Elle s'était penchée au-dessus d'Ambroisine et avait glissé une main sous sa tête afin d'essayer de la faire boire. Une fois de plus, le parfum délicat mais envoûtant qui s'échappait de la lourde chevelure noire de la duchesse lui causa un trouble étrange. Une sorte d'avertissement.

– Que signifie ce parfum ? s'interrogea-t-elle.

Elle vit alors que les yeux d'Ambroisine de Maudribourg s'étaient ouverts et la fixaient. Angélique comprit que la malade avait repris conscience. Elle lui sourit.

– Buvez, insista-t-elle, allons, buvez, cela vous fera du bien.

La duchesse se souleva avec peine. Elle semblait brisée par la crise qui l'avait terrassée. Elle but à petites gorgées, comme à bout de forces, et Angélique dut l'encourager à plusieurs reprises pour qu'elle par vint à tout absorber. Puis elle se rejeta en arrière et se laissa aller à nouveau les yeux clos. Mais elle était mieux.

– La fièvre la quitte ! constata Angélique après avoir posé la main sur le front moins chaud. Ne vous inquiétez plus.

Elle alla se laver les mains et ranger ses remèdes. Les suivantes de Mme de Maudribourg l'entourèrent avec nervosité.

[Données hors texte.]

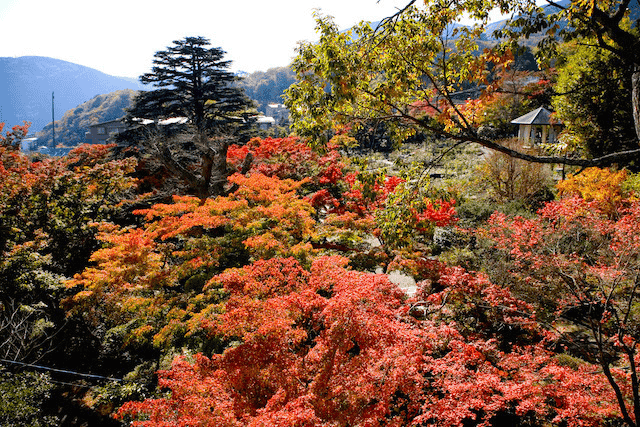 箱根 紅葉 場所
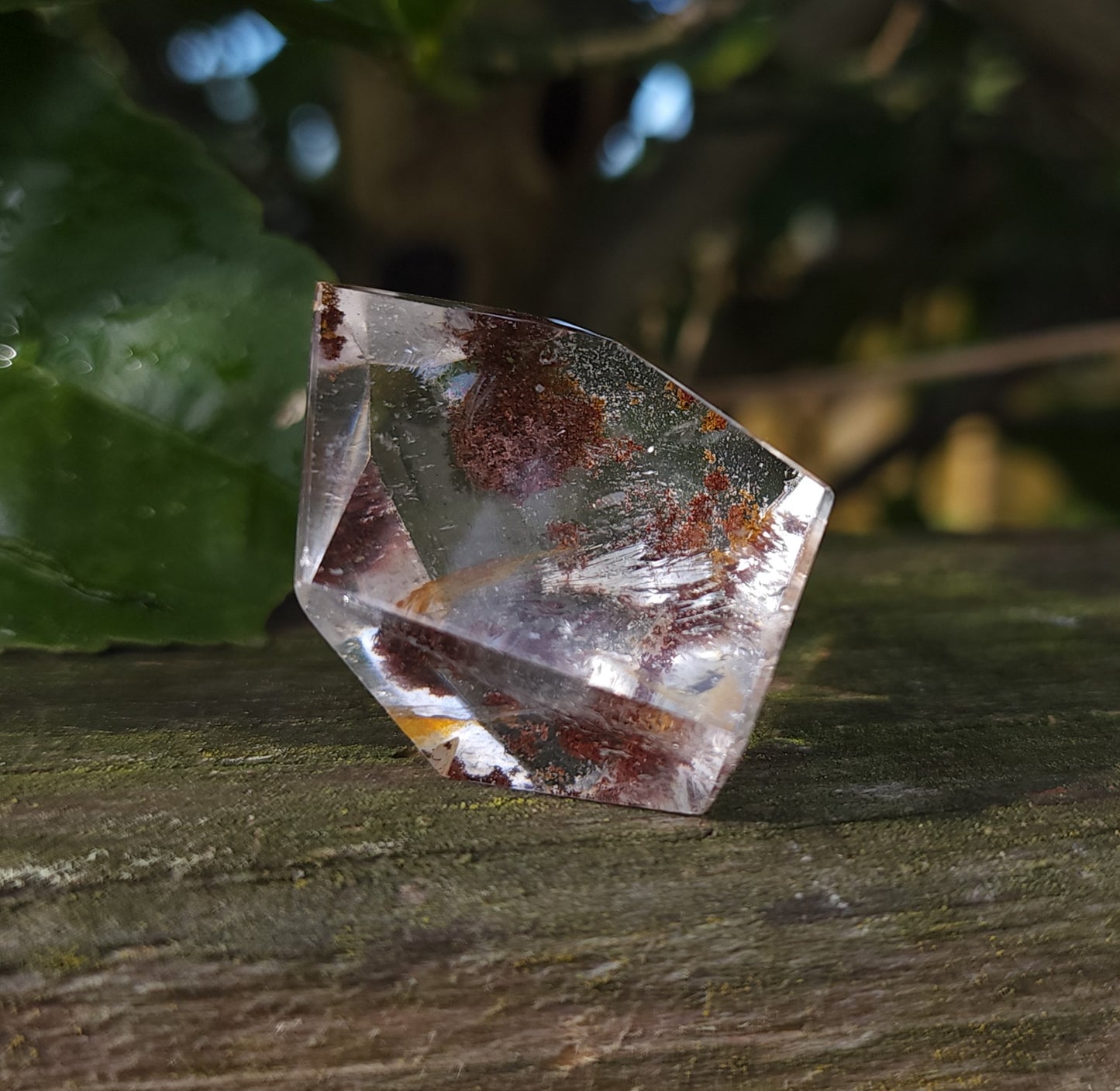 Lodolite Garden Quartz Freeform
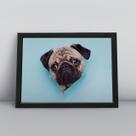 Quadro com moldura Cachorro Cachorro-180-M1 Quadro com moldura Cachorro Cachorro-180-M1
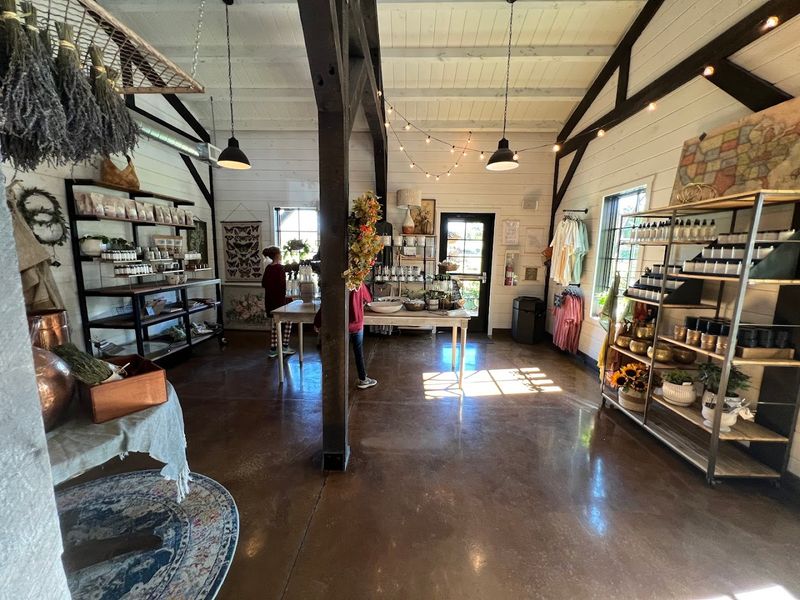 The Gift Shop Has Lavender Everything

– Oh ! Madame, ne nous abandonnez pas, supplièrent-elles. Restez avec nous cette nuit pour la veiller. Nous craignons tant pour elle.

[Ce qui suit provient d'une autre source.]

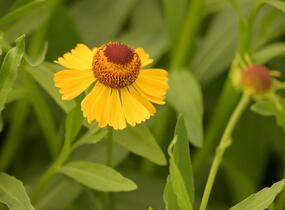 Záplevák 'Wesergold' - Helenium 'Wesergold'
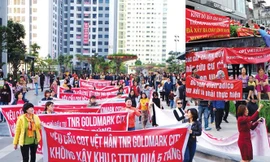 Có hơn 215 đơn khiếu nại, trong đó có hơn 108 dự án xảy ra tranh chấp.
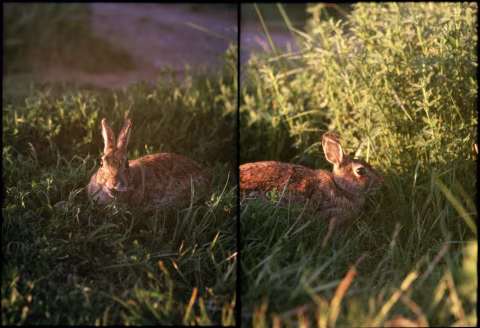 Fujichrome Provia 400F with Olympus 70mm f2 F.Zuiko Auto-T on Olympus PEN FV.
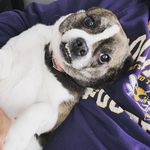 Rob Neumann - @rcneuma - Instagram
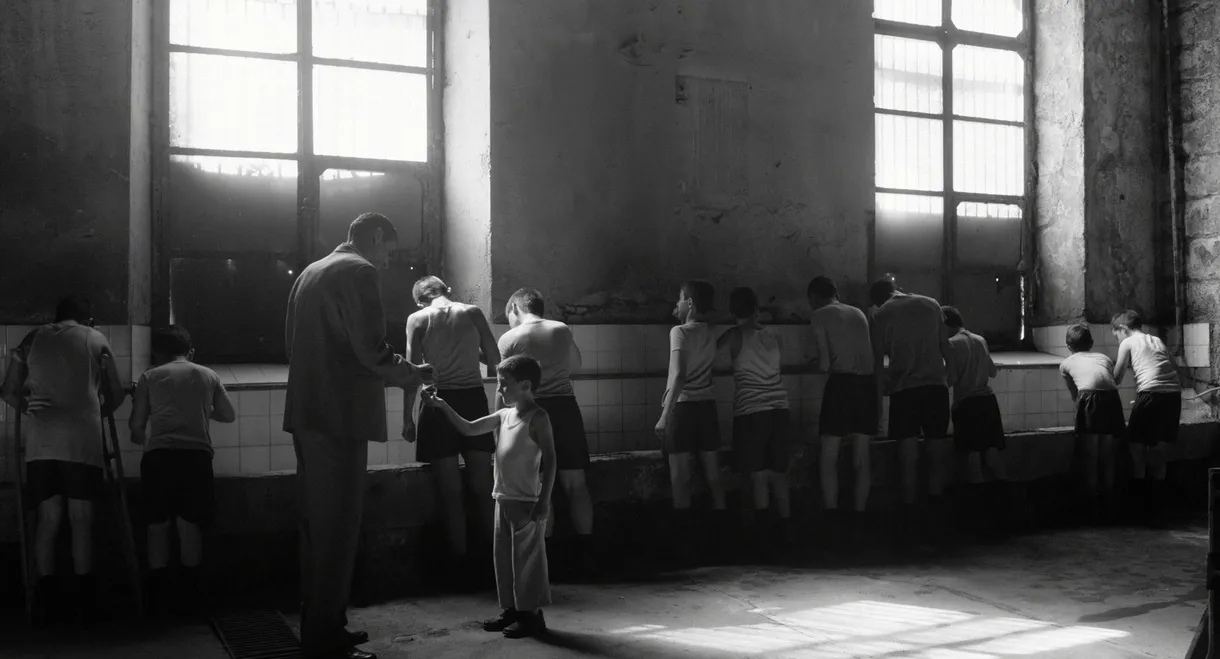 Giannis in the Cities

– Mais non ! Vous vous inquiétez à tort, vous dis-je.

Cette sorte d'anxiété que toutes ces femmes manifestaient pour leur bienfaitrice commençait à lui paraître excessive.

– Elle dormira, je m'en porte garante. Et vous aussi, dormez donc, recommanda-t-elle. Adhémar, ramasse tous tes seaux et présente tes civilités à ces dames ! Viens, tu nous porteras une lanterne jusqu'au port.

Qu'avaient-ils tous ces gens à s'agripper à elle et à Joffrey, comme des lianes, pour les paralyser ? Cela tenait du cauchemar.

Elle se rapprocha de lui. Il gardait les yeux fixés sur la duchesse de Maudribourg prostrée. Dans le cadre de la somptueuse chevelure noire qui reposait sur l'oreiller de dentelle, trop lourde et opulente, le visage endormi semblait s'amenuiser comme celui d'une enfant. Angélique dit à mi-voix :

– Venez-vous ?

Mais Joffrey de Peyrac ne parut pas l'entendre. Tout commençait à se brouiller dans la tête d'Angélique, et la migraine la gagnait. Elle désirait plus que tout au monde se retirer, s'échapper avec lui. C'était comme une exigence où le désir d'être dans ses bras n'était pas seul en jeu. C'était, lui semblait-il, comme une nécessité vitale, une question de vie ou de mort. Il ne fallait pas qu'elle le perdît encore ce soir, ou sans cela...

Elle se sentait les nerfs tendus à craquer.

– Madame, restez, répétaient les femmes dans un chœur gémissant.

– Elle va peut-être mourir, s'écria Delphine du Rosoy, d'un ton tragique.

– Mais non !

Elles se rapprochèrent encore.

– Restez ! Restez ! marmonnaient-elles. Oh ! Par pitié, chère madame !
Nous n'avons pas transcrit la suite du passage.